Agreement made with French authorities to review new information from children formerly resident in Calais camp
The Guardian reported yesterday that the Home Office has agreed to review asylum applications from child refugees from the former refugee and migrant camp in the French port of Calais.
Image credit: WikipediaCases of children with direct family links to UK will be reconsidered, the Guardian says.
The move comes after several child refugees returned to the site of the former camp in Calais in a renewed effort to cross to the UK.
A Home Office spokeswoman was quoted as saying: "The Calais operation has now concluded. All children present in the centres throughout France when Home Office teams visited were assessed against the family reunification criteria in the Dublin regulation and the published guidance for section 67 of the Immigration Act. Children in France may be eligible to be transferred to the UK where they have a family link as set out in the Dublin regulation.

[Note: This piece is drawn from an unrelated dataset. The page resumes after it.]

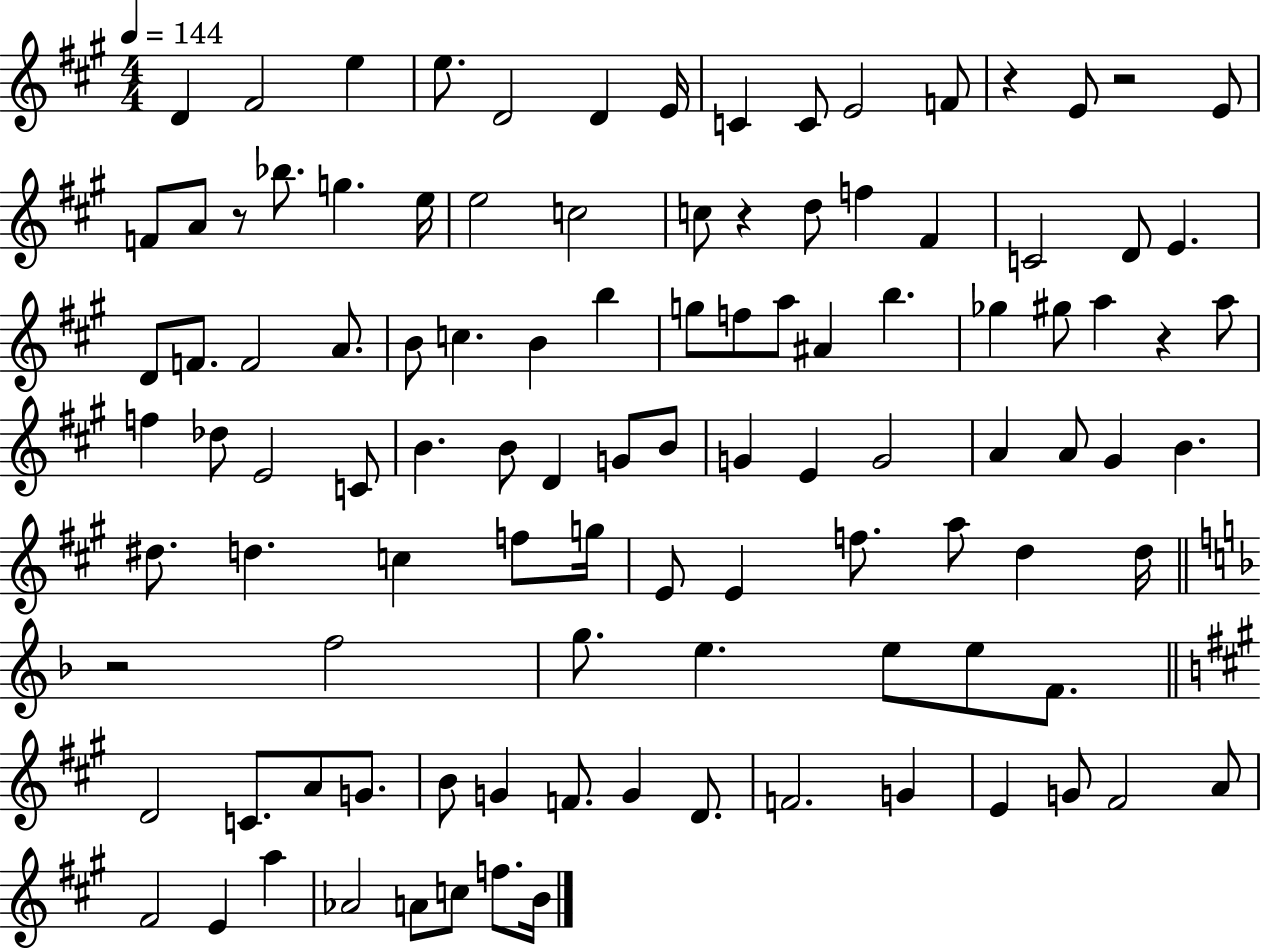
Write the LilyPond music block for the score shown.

"We have agreed with the French authorities that we will review any new information from children formerly resident in the Calais camp to assess whether it would change our determination of their eligibility under the Dublin regulation, to encourage an application."
The Government faced harsh criticism earlier this month after it said it had decided it would end the "Dubs amendment" scheme to let unaccompanied migrant children in to the UK.

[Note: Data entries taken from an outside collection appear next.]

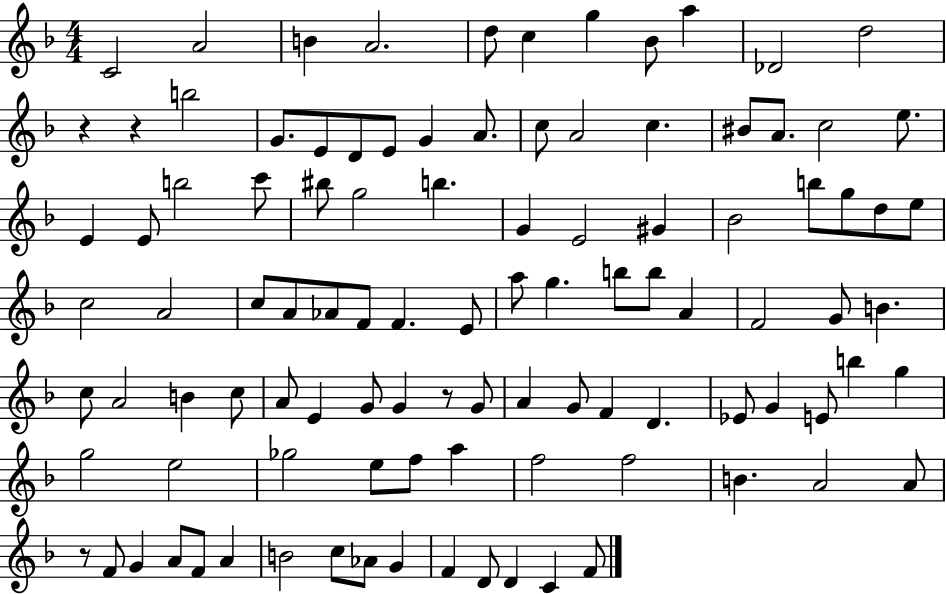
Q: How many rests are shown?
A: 4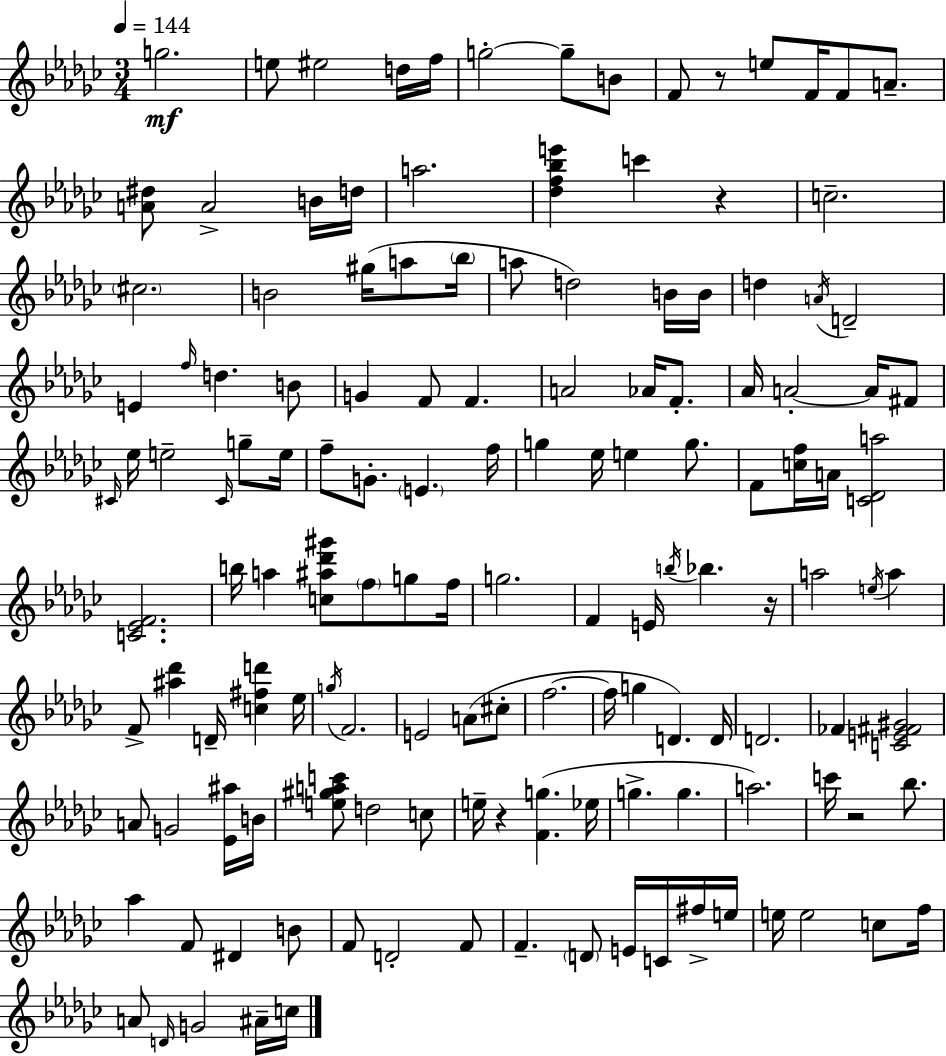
X:1
T:Untitled
M:3/4
L:1/4
K:Ebm
g2 e/2 ^e2 d/4 f/4 g2 g/2 B/2 F/2 z/2 e/2 F/4 F/2 A/2 [A^d]/2 A2 B/4 d/4 a2 [_df_be'] c' z c2 ^c2 B2 ^g/4 a/2 _b/4 a/2 d2 B/4 B/4 d A/4 D2 E f/4 d B/2 G F/2 F A2 _A/4 F/2 _A/4 A2 A/4 ^F/2 ^C/4 _e/4 e2 ^C/4 g/2 e/4 f/2 G/2 E f/4 g _e/4 e g/2 F/2 [cf]/4 A/4 [C_Da]2 [C_EF]2 b/4 a [c^a_d'^g']/2 f/2 g/2 f/4 g2 F E/4 b/4 _b z/4 a2 e/4 a F/2 [^a_d'] D/4 [c^fd'] _e/4 g/4 F2 E2 A/2 ^c/2 f2 f/4 g D D/4 D2 _F [CE^F^G]2 A/2 G2 [_E^a]/4 B/4 [e^gac']/2 d2 c/2 e/4 z [Fg] _e/4 g g a2 c'/4 z2 _b/2 _a F/2 ^D B/2 F/2 D2 F/2 F D/2 E/4 C/4 ^f/4 e/4 e/4 e2 c/2 f/4 A/2 D/4 G2 ^A/4 c/4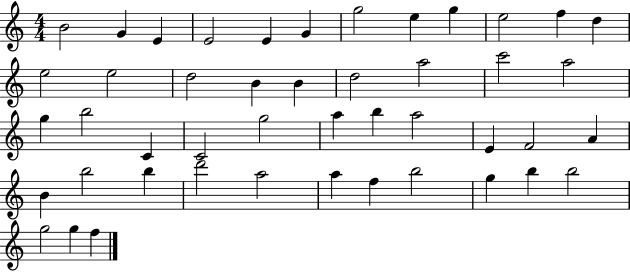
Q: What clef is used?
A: treble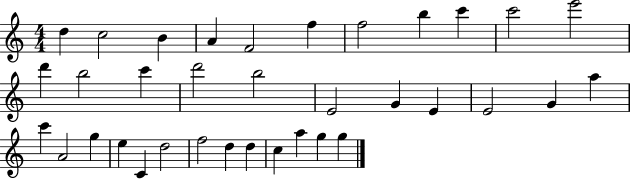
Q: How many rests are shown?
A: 0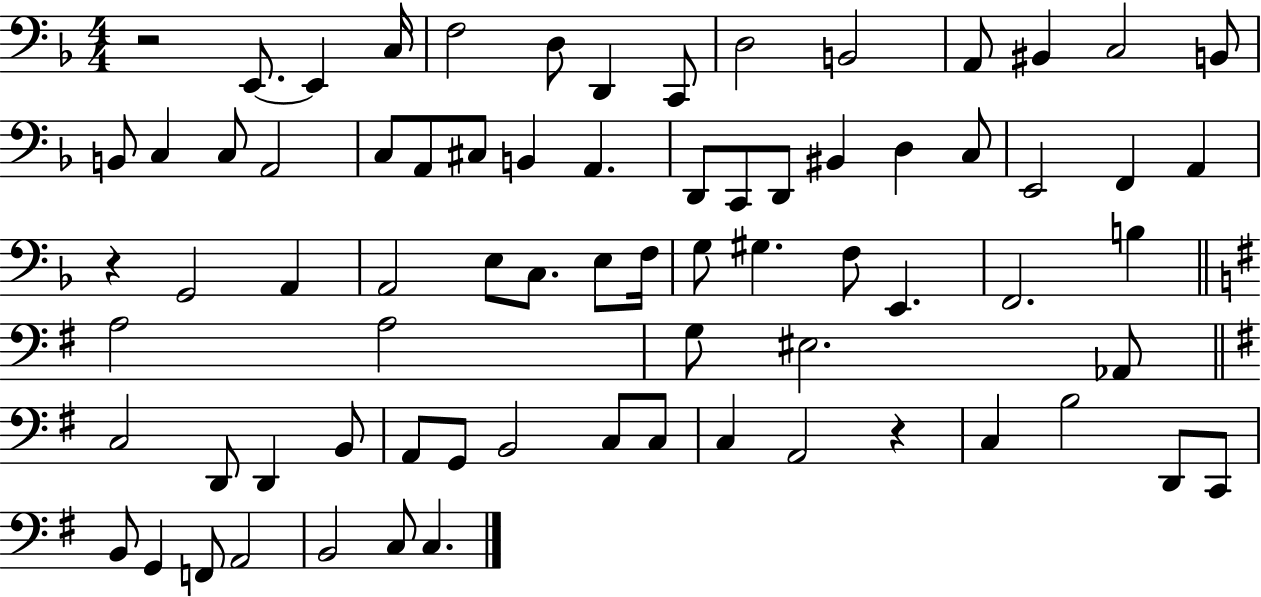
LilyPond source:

{
  \clef bass
  \numericTimeSignature
  \time 4/4
  \key f \major
  r2 e,8.~~ e,4 c16 | f2 d8 d,4 c,8 | d2 b,2 | a,8 bis,4 c2 b,8 | \break b,8 c4 c8 a,2 | c8 a,8 cis8 b,4 a,4. | d,8 c,8 d,8 bis,4 d4 c8 | e,2 f,4 a,4 | \break r4 g,2 a,4 | a,2 e8 c8. e8 f16 | g8 gis4. f8 e,4. | f,2. b4 | \break \bar "||" \break \key g \major a2 a2 | g8 eis2. aes,8 | \bar "||" \break \key e \minor c2 d,8 d,4 b,8 | a,8 g,8 b,2 c8 c8 | c4 a,2 r4 | c4 b2 d,8 c,8 | \break b,8 g,4 f,8 a,2 | b,2 c8 c4. | \bar "|."
}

By the time the scheme ends in March, just 350 children would have been resettled in the UK compared to the 3,000 wanted by campaigners and Lord Dubs, himself a former child refugee.

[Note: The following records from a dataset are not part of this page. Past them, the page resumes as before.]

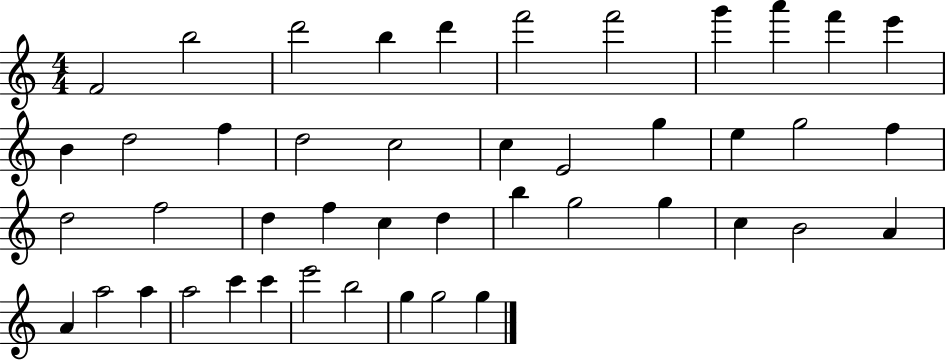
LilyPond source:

{
  \clef treble
  \numericTimeSignature
  \time 4/4
  \key c \major
  f'2 b''2 | d'''2 b''4 d'''4 | f'''2 f'''2 | g'''4 a'''4 f'''4 e'''4 | \break b'4 d''2 f''4 | d''2 c''2 | c''4 e'2 g''4 | e''4 g''2 f''4 | \break d''2 f''2 | d''4 f''4 c''4 d''4 | b''4 g''2 g''4 | c''4 b'2 a'4 | \break a'4 a''2 a''4 | a''2 c'''4 c'''4 | e'''2 b''2 | g''4 g''2 g''4 | \break \bar "|."
}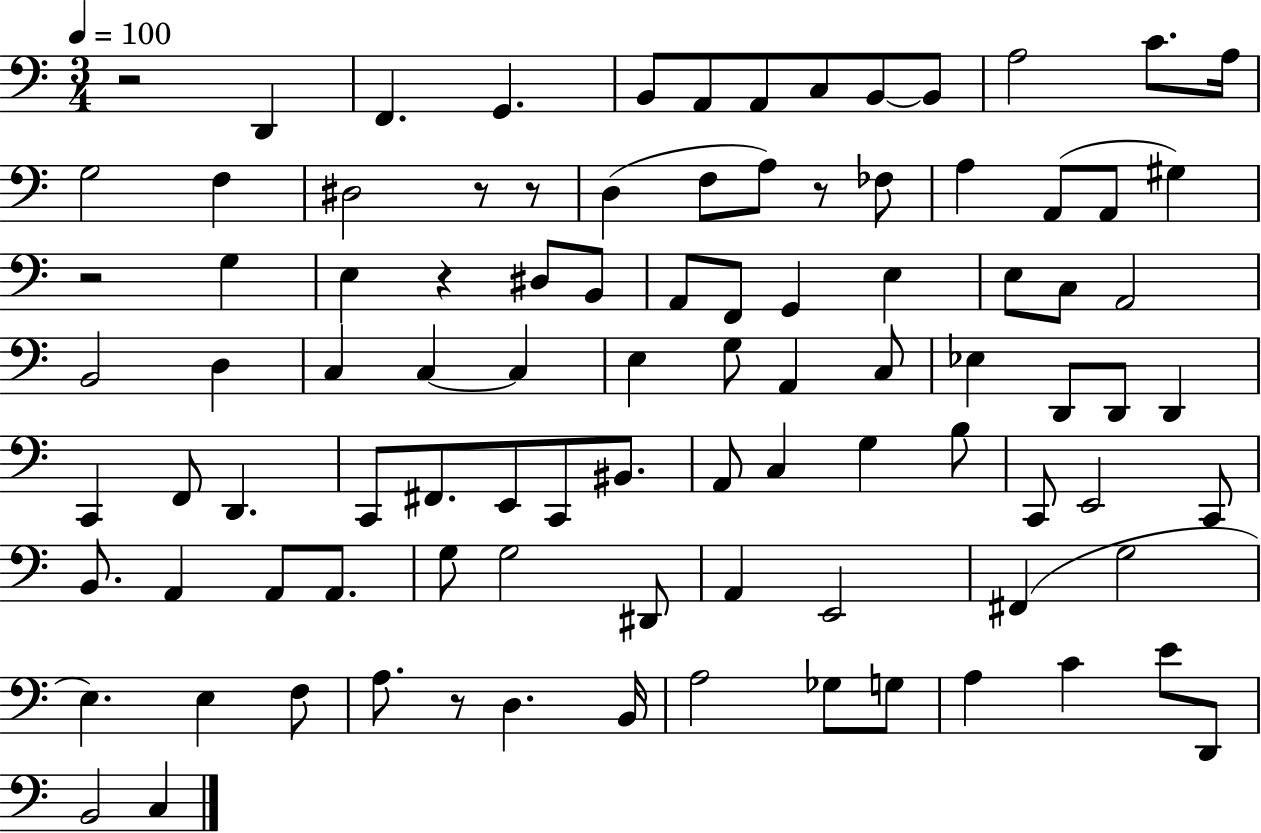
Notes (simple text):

R/h D2/q F2/q. G2/q. B2/e A2/e A2/e C3/e B2/e B2/e A3/h C4/e. A3/s G3/h F3/q D#3/h R/e R/e D3/q F3/e A3/e R/e FES3/e A3/q A2/e A2/e G#3/q R/h G3/q E3/q R/q D#3/e B2/e A2/e F2/e G2/q E3/q E3/e C3/e A2/h B2/h D3/q C3/q C3/q C3/q E3/q G3/e A2/q C3/e Eb3/q D2/e D2/e D2/q C2/q F2/e D2/q. C2/e F#2/e. E2/e C2/e BIS2/e. A2/e C3/q G3/q B3/e C2/e E2/h C2/e B2/e. A2/q A2/e A2/e. G3/e G3/h D#2/e A2/q E2/h F#2/q G3/h E3/q. E3/q F3/e A3/e. R/e D3/q. B2/s A3/h Gb3/e G3/e A3/q C4/q E4/e D2/e B2/h C3/q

BBC News quoted Home Secretary Amber Rudd as telling the Commons: "I am clear that when working with my French counterparts they do not want us to indefinitely continue to accept children under the Dubs amendment because they specify, and I agree with them, that it acts as a draw. It acts as a pull. It encourages the people traffickers."
Political opposition and religious figures criticised the decision, with Lord Dubs saying: "I believe in arbitrarily closing down the scheme, without any good reason for doing so, the Government is in breach of its own commitments."
The Guardian reported on 10 February that the High Court is set to hear a legal challenge over the end of Dubs scheme in May.
The legal challenge has been brought by the charity Help Refugees.
Rosa Curling of Help Refugees representatives Leigh Day told the Guardian: "Our legal challenge holds the government to account on this critical issue of how many unaccompanied refugee children will be relocated to the UK and supported here. We believe the process by which the number has been reached is unlawful."